'Ela era uma inspiração para o favelado': a reação de moradores do Complexo da Maré à morte de Marielle

Júlia Dias Carneiro

"A gente tinha ela como uma mãezona. Ela sempre estava lá. Quando a coisa apertava, a gente ligava para a Marielle. E agora, a gente vai ligar para quem?"

Professor de geografia na Faculdade de Filosofia, Ciências e Letras de Duque de Caxias (Feuduc) e morador do Complexo da Maré, Lourenço Cezar dirige a pergunta aos fiéis, familiares e amigos presentes numa missa para homenagear Marielle Franco, realizada no fim da tarde de domingo na favela Parque União.

A cerimônia foi realizada após a marcha que levou cerca de duas mil pessoas para o conjunto de favelas na zona norte do Rio. Moradores, políticos, artistas, ativistas e pessoas de outras partes da cidade participaram, gritando palavras de ordem com críticas ao Estado, à Polícia Militar e à intervenção federal na segurança pública, e exigindo a elucidação do assassinato da vereadora do PSOL e do motorista Anderson Gomes, saindo de um evento no Estácio, na região central do Rio, na noite da quarta-feira passada.
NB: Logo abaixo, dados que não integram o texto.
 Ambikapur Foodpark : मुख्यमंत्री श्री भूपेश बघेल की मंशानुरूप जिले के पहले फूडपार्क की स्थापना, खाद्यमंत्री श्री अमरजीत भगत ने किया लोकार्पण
A comoção com o crime, que reverberou pelo Brasil e por outras cidades do mundo, tem o seu centro nervoso na Maré, onde Marielle cresceu. O complexo de favelas tem cerca de 140 mil moradores, e um dos piores índices de desenvolvimento humano no Rio.

Marielle foi para a universidade, entrou na política e "conseguiu sair" da favela, mas não deixou a favela para trás em sua atuação política, elegendo-se a primeira vereadora da comunidade e virando, para outros moradores, um exemplo de onde se poderia chegar.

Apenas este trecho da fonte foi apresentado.